- What is required -
In the records below, find the line containing "gliss-sac-baxim-sprey-200ml-supreme" and transcribe it and every line after it exactly; leave the pictures out.
-- Material for this exercise follows --
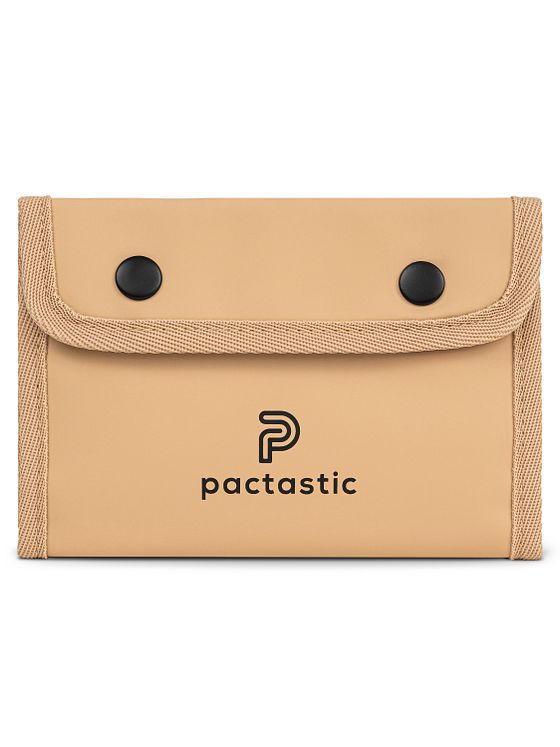 Pactastic Urban Collection Peněženka 17.5 cm Pactastic Urban Collection Peněženka 17.5 cm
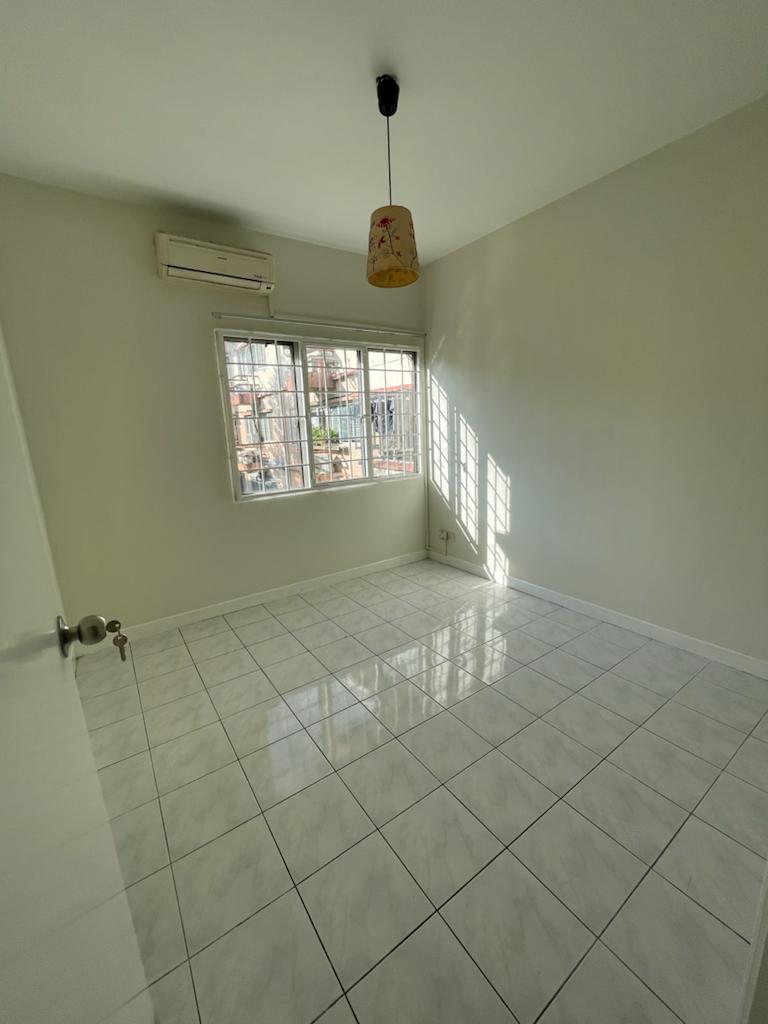 SD Tiara Apartment Bandar Sri Damansara for SALE - photo 6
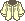 Item 14057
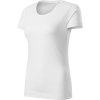 Native (GOTS) 174 Tričko dámské (Barva bílá, Velikost XS)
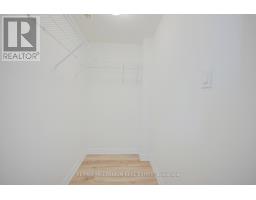 Main - 50 Thornbird Crescent, Brampton, ON L7A0B8 Photo 28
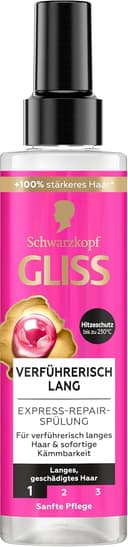 gliss-sac-baxim-sprey-200ml-supreme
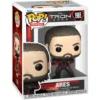Funko POP! Ares (1965)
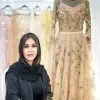 Raghda Taryam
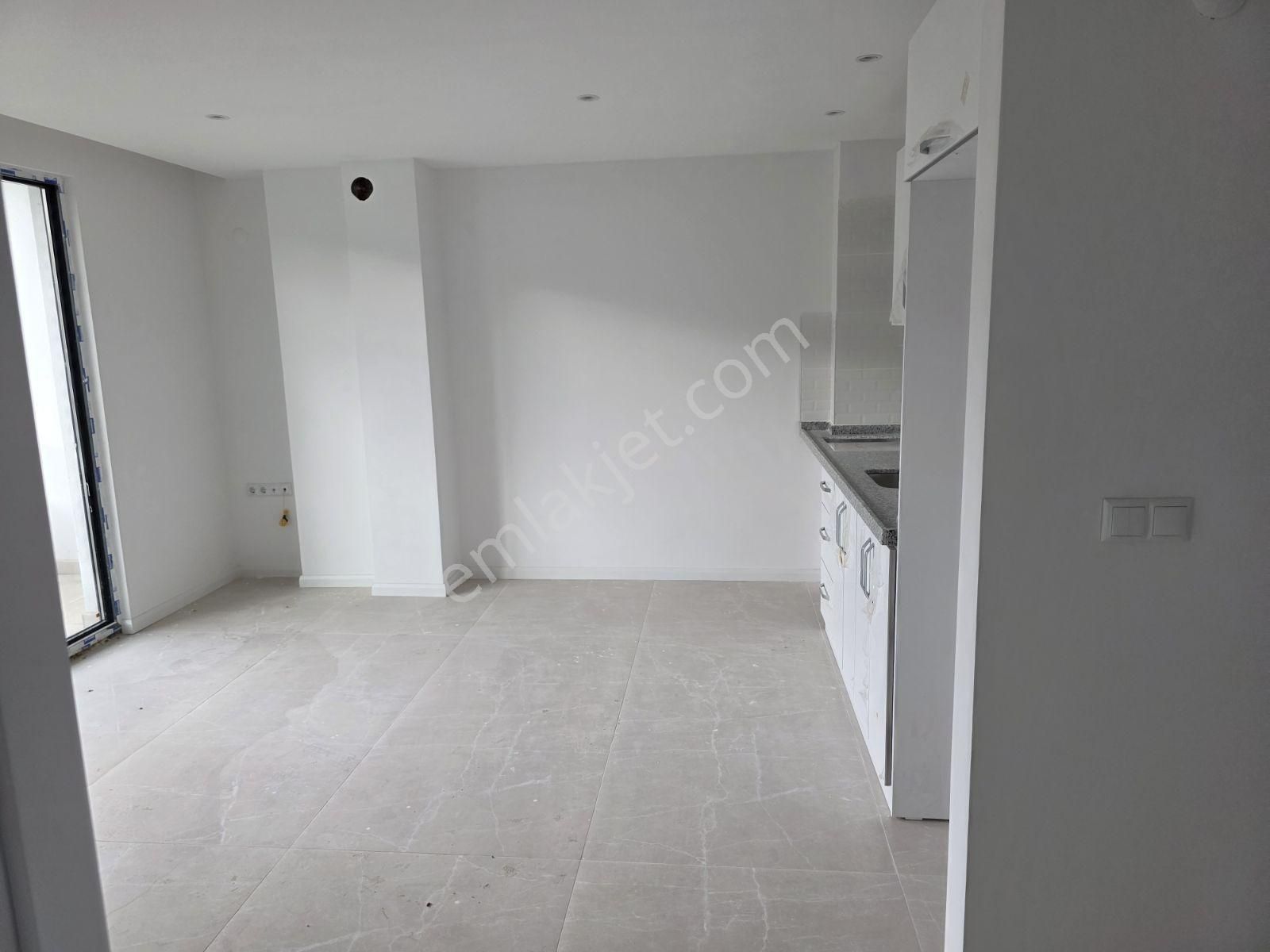 Çakırlar Yalı Mah 1+1 Satılık - Görsel 6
-- Material for this exercise concluded --
- Solution to the problem -
 gliss-sac-baxim-sprey-200ml-supreme
Funko POP! Ares (1965)
 Raghda Taryam
 Çakırlar Yalı Mah 1+1 Satılık - Görsel 6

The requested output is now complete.